The Oakland Canine Circus Class 1 is actually an obedience class, and according to the description it’s pretty intense. The founder who teaches the classes has a long resume and lots of cred both here and in Europe. His position is that obedience training is a prerequisite and so the beginners start with all the basics. The difference is that the exercises are fun with a Circus style flavor and can be strung together into a trick composition.
Learning to sit stay well enough to balance a ball on the head pretty much cancels out jumping, maybe by advanced class Mimi will be able to do her Diva Walk with 2 balls on top? 
That would be ok.


Sent from my iPhone using Tapatalk


----------



## doditwo (Nov 7, 2017)

Click-N-Treat said:


> Noelle struggles to pay attention to anything in the pet store and her manners melt faster than a snow cone in 100 degree heat. I don't know what it is about pet stores. I think it's like taking a kid to Disneyland, sitting them down at a picnic table in the middle of the park, and teaching fractions. This is just not working at all. Pet stores overstimulate Noelle and I hate taking her in them.



Good point. Maybe pet food stores should wait and be saved as the final proving ground, not the classroom.


Sent from my iPhone using Tapatalk


----------



## Click-N-Treat (Nov 9, 2015)

I'm far meaner than you are, which is why I actually drive away when my dog fails my expectations. Return to the car and get in like you are going to leave, is also an option. However, poodles are so smart, be ready with the keys, because your dog might figure out that you are bluffing. If you get in the car, start it and actually leave, that makes your dog think, what just happened? That's not what I wanted at all! Feel free to just park in a different parking space. It really freaks out the dog to think they lost their chance for something fun.

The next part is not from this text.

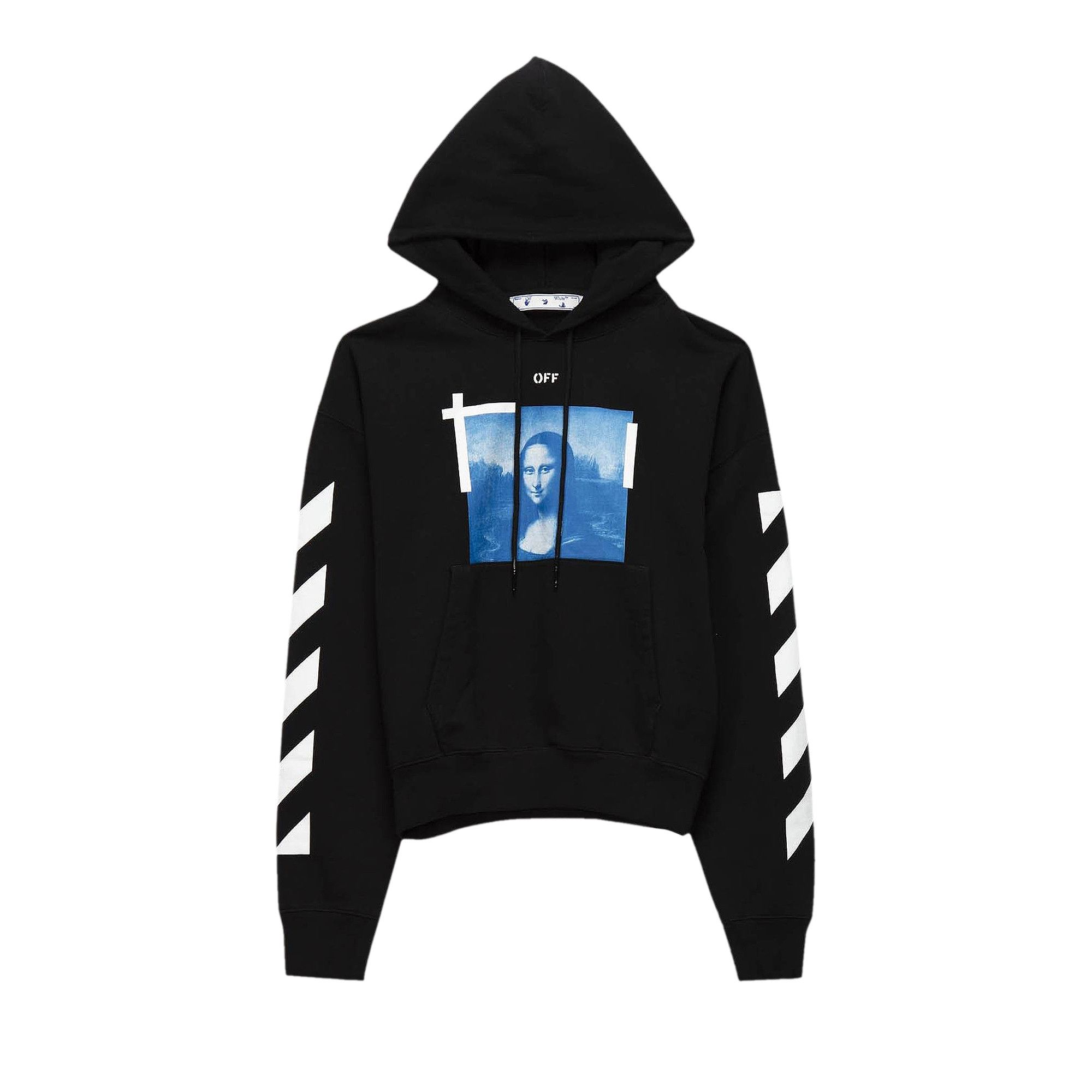 Hoodie mona lisa off white clearance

Reward for four on the floor once every two seconds and really praise. Praise your dog like Mimi won an Olympic Gold Medal, the Pulitzer Prize, a Nobel Prize, a Grammy, a Tony, and an Academy Award on the same day. Make it clear to your dog that you are super pleased with four on the floor. Make it also equally clear that you are not pleased with the diva parade. Not through harshness, not through correction, but by a rapid spin move and an exit. No treats, no praise, no fun, no talking, out we go, back in the car. The contrast will not be lost on your dog.


----------



## doditwo (Nov 7, 2017)

ClickNTreat,
You are right. Playing back the whole thing in my head I realize Mimi has me very figured out.
She got a ton of reward not just from other people but most importantly from me. I didn’t leave because I “needed to buy her kibble she likes” that had run out... instead of leaving and giving her what was left in the house, I.e. her least favorite food. Not only that but I also bought her new toys.
This is probably why she doesn’t listen to me.


Sent from my iPhone using Tapatalk


----------



## fjm (Jun 4, 2010)

I spent months teaching mine not to jump up, only to have it undermined by people offering them greetings and treats at waist height. Eventually we reached the stage when, with the occasional reminder from me, they got pretty good at judging who wanted to be leaned upon and who didn't, and very good at making like a meerkat and reaching the treat without setting a paw on the human! I think it is one of the problems of owning a small cute dog, although people in the UK usually ask before petting - if not me, then the dog.

Poppy loves Pets at Home. We only visit occasionally, and when we do she is allowed to hunt for lost treats under the display stands and, within reason, to eat what she finds (she will leave things when asked). Both dogs are endlessly impressed by the magic door that opens for them automatically and slightly stunned by the cornucopia of smells. Add in the lights, the people and the other dogs and it can be an overwhelmingly exciting environment. I use a visit as exercise when the weather makes a walk impossible - 15 minutes wandering around, followed by polite sits at the check out, wears them out as much as a longish walk.


----------



## Click-N-Treat (Nov 9, 2015)

doditwo,

Don't be hard on yourself. Try to remember you have a poodle on your leash. If a poodle was a person, they would work on the catwalk as a fashion model in Paris. Meanwhile back stage, they would be frantically working on their third PhD. dissertation in Aeronautical and Astronautical Engineering. Poodles are smart. They are observant. They recognize patterns. They figure us out. Also, poodles have a sense of humor and enjoy making people laugh. 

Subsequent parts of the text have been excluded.